Three-dimensional, symmetrically assembled microfluidic device for lipid nanoparticle production.

作者信息

Kimura Niko, Maeki Masatoshi, Sasaki Kosuke, Sato Yusuke, Ishida Akihiko, Tani Hirofumi, Harashima Hideyoshi, Tokeshi Manabu

机构信息

Graduate School of Chemical Sciences and Engineering, Hokkaido University Kita 13 Nishi 8, Kita-ku Sapporo 060-8628 Japan +81-11-706-6745 +81-11-706-6744.
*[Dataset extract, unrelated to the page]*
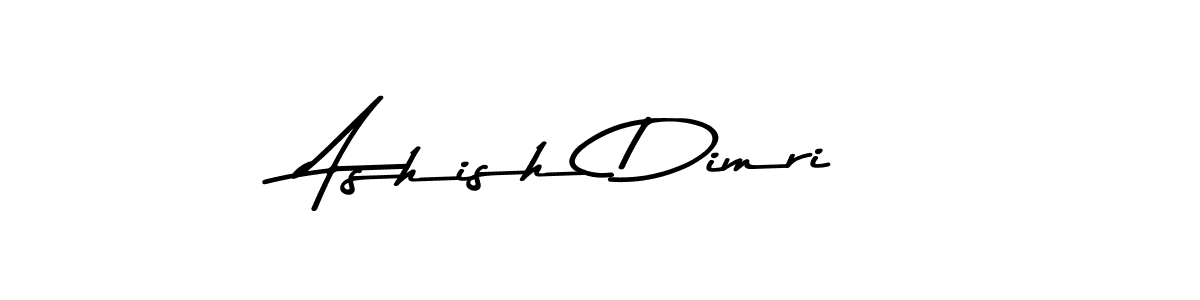 Design your own signature with our free online signature maker. With this signature software, you can create a handwritten (Asem Kandis PERSONAL USE) signature for name Ashish Dimri. Ashish Dimri signature style 9 images and pictures png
Division of Applied Chemistry, Faculty of Engineering, Hokkaido University Kita 13 Nishi 8, Kita-ku Sapporo 060-8628 Japan

出版信息

RSC Adv. 2021 Jan 5;11(3):1430-1439. doi: 10.1039/d0ra08826a. eCollection 2021 Jan 4.

Abstract

Sub 100 nm-sized lipid nanoparticles (LNPs) have been widely used in drug delivery systems (DDSs). The size of the LNPs is an important parameter for the DDS performance, such as biodistribution and gene silencing using siRNAs. However, the LNPs prepared by the conventional preparation method show a wide size distribution. To improve the LNP size distribution, we developed a microfluidic device, named the iLiNP™ device, in a previous study. This device could produce LNPs in the size range of 20 to 150 nm, but the size distribution of the large-sized LNPs needs to be further improved. From the viewpoint of the LNP formation process, a homogeneous and slow rate dilution of ethanol plays an important role in improving the large-size LNP size distribution. In this study, we developed a three-dimensional, symmetrically assembled microfluidic device named the 3D-iLiNP device with the aim of precise size control of large-sized LNPs. We designed the 3D-iLiNP device using a computational fluid dynamics simulation and demonstrated that the 3D-iLiNP device can improve the LNP size distribution. The gene silencing activity of four kinds of siRNA-loaded LNPs was investigated and experiments to elucidate the effect of the LNP size distribution. The results revealed that the LNPs with a size between 90 and 120 nm showed higher gene silencing activity than those with other sizes. The 3D-iLiNP device is expected to improve DDS performance by precisely controlling the size of LNPs.

摘要

小于100纳米的脂质纳米颗粒(LNPs)已广泛应用于药物递送系统(DDSs)。LNPs的尺寸是影响DDS性能的一个重要参数,如生物分布和使用小干扰RNA(siRNAs)的基因沉默。然而,通过传统制备方法制备的LNPs尺寸分布较宽。为了改善LNPs的尺寸分布,我们在之前的一项研究中开发了一种微流控装置,名为iLiNP™ 装置。该装置能够制备尺寸在20至150纳米范围内的LNPs,但大尺寸LNPs的尺寸分布仍需进一步改善。从LNP形成过程的角度来看,乙醇的均匀缓慢稀释在改善大尺寸LNP尺寸分布方面起着重要作用。在本研究中,我们开发了一种三维对称组装的微流控装置,名为3D-iLiNP装置,旨在精确控制大尺寸LNPs的尺寸。我们使用计算流体动力学模拟设计了3D-iLiNP装置,并证明该装置可以改善LNPs的尺寸分布。研究了四种负载siRNA的LNPs的基因沉默活性,并进行了实验以阐明LNP尺寸分布的影响。结果显示,尺寸在90至120纳米之间的LNPs比其他尺寸的LNPs具有更高的基因沉默活性。3D-iLiNP装置有望通过精确控制LNPs的尺寸来提高DDS性能。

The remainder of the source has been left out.